Security Basics mailing list archives

RE: password protection in office XP documents


From: security () rexwire com
Date: Wed, 18 Jun 2003 12:07:59 -0400

 No one is claiming that printing is compromising content integrity. People
protect content in document to stop it from being alerted other wise why
else would they go through the effort of protecting? A protected document
should remain protected in its own framework. What I mean by this is that;
if Word is used to protect certain parts of a document than it should not be
possible to use Word to unprotect that document just by saving in a
different format. A PDF is a good example. Once you set security on the PDF
document all PDF readers honor that security they don't let you save it as a
html. (there are tools to unlock PDF but they are beyond the scope of this
conversation)


Hope that brings out my original point.


-SKP

-----Original Message-----
From: Brian Eckman [mailto:eckman () umn edu] 
Sent: Wednesday, June 18, 2003 9:00 AM
To: security () rexwire com; leifg () doh state nm us;
security-basics () securityfocus com
Subject: Re: password protection in office XP documents


I did copy the contents of a "protected" file (not the full password 
protection - the changes protection that Leif discussed) into a new doc 
and save it before I wrote the message. In fact, I just did it again 
before I sent this message. Then I modified the new doc and saved it 
again. Then I saved it over the old file just for fun.

Now at first glance, it appears like the original document to everyone 
else.

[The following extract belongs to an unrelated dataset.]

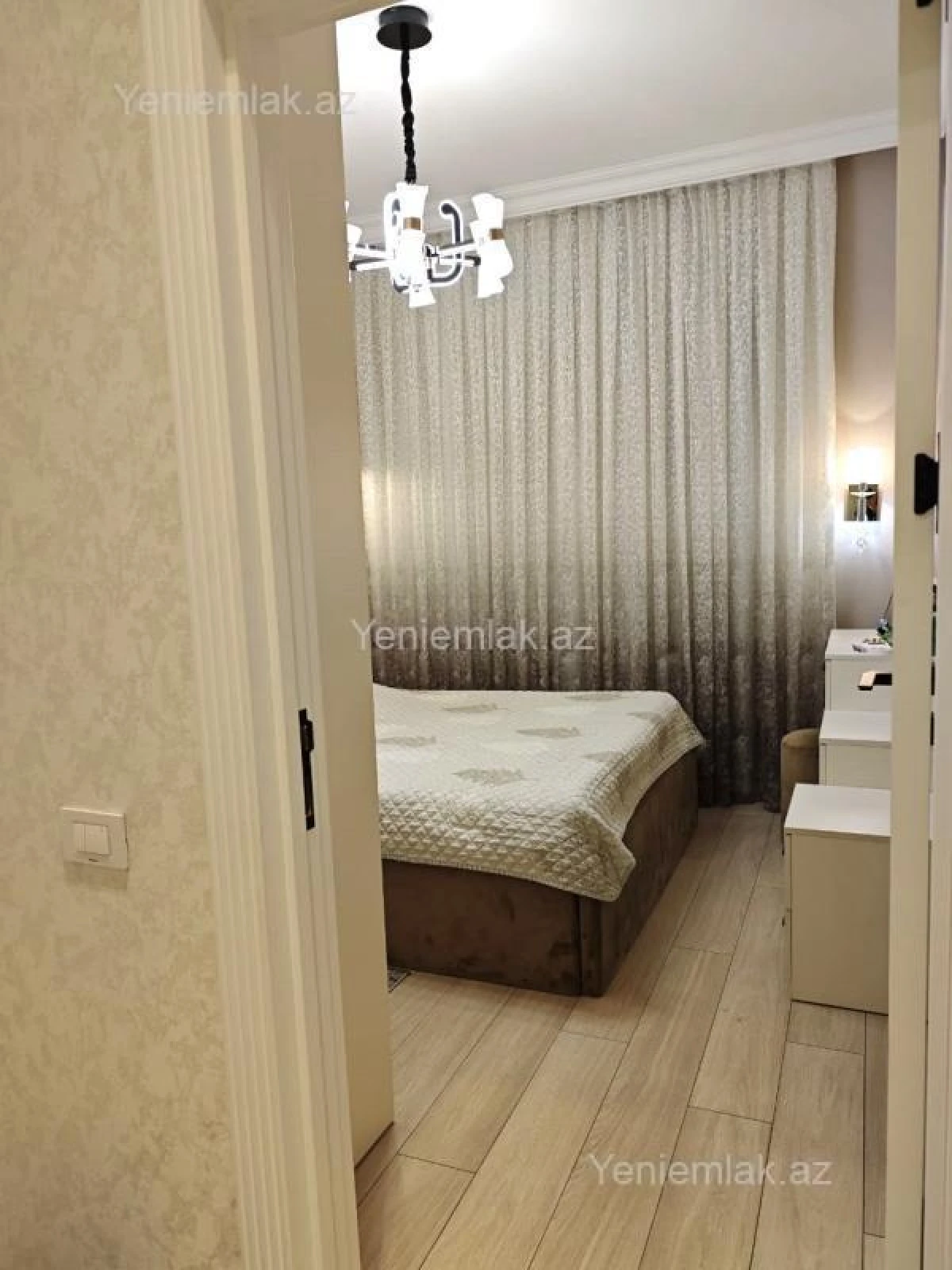 Satılır 4 otaqlı yeni tikili 125 m²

I can set my own protection password too, so nobody except maybe 
eventually the original document owner will know the difference. It took 
seconds to accomplish. This was in Word XP fully patched.

How is the data "compromised" by saving it into a different format, and 
a different file, while the original document that everyone else uses is 
intact? If I print the document out, use some "white out" and type over 
it with my typewriter, I could argue that it has been "compromised" too. 
Should we report to Microsoft that printing files is a security flaw?

Brian


security () rexwire com wrote:
You cant copy a file that is protected. I do think letting someone save a
protected file in another format (Html) is dumb. I don't care if the
argument is that the original file is still protected. The goal is to
protect the data and the data is compromised once the file is saved in a
different format.


-SKP

-----Original Message-----
From: Brian Eckman [mailto:eckman () umn edu] 
Sent: Tuesday, June 17, 2003 4:17 PM
To: Leif Gregory; security-basics () securityfocus com
Subject: Re: password protection in office XP documents




Leif Gregory wrote:

Hello Brian,

Tuesday, June 17, 2003, 7:46:42 AM, you wrote:
BE> Gosh, if I wanted to bypass those, I'd copy the existing Office
BE> file into a new one and make my changes, then save it over the old
BE> one. Seems like it would be a quicker "hack", and would be easier
BE> for most people than saving it as HTML and editing the source
BE> code, then saving it back as an Office file.

BE> Now, one could get into file system rights arguments, but if you save

it

BE> as HTML, you are creating a new file. Now there will be a .doc and an
BE> .html, and if you have rights to turn the .html back into the .doc,

then

BE> you can do what I mentioned above as well.

BE> I still fail to see any flaw here. What was reported is opening the

HTML

BE> file in Office and the protection is gone. The HTML file is a *new*

file

BE> that you created; the original Office file still has the protection.

But see, it's not a file rights issue. It's an XML document property
tag (if that is the right terminology). It's an integral piece of the
Word document. Copying it retains the document properties, therefore
the protection. Converting it to HTML brings the document properties
into plaintext, which you can highlight and delete.


(mass snippage)

Leif & list,

Sorry, I wasn't clear. I wasn't talking about copying the file, I was 
talking about copying the contents of the file. Using a Word doc as an 
example, I would take the Word doc, highlight everything, copy and paste 
it into a new Word doc and save it over the original "protected" 
document. It would be a heck of a lot faster than the methods that have 
been described.

Brian



-- 
Brian Eckman
Security Analyst
OIT Security and Assurance
University of Minnesota
612-626-7737

"There are 10 types of people in this world. Those who
understand binary and those who don't."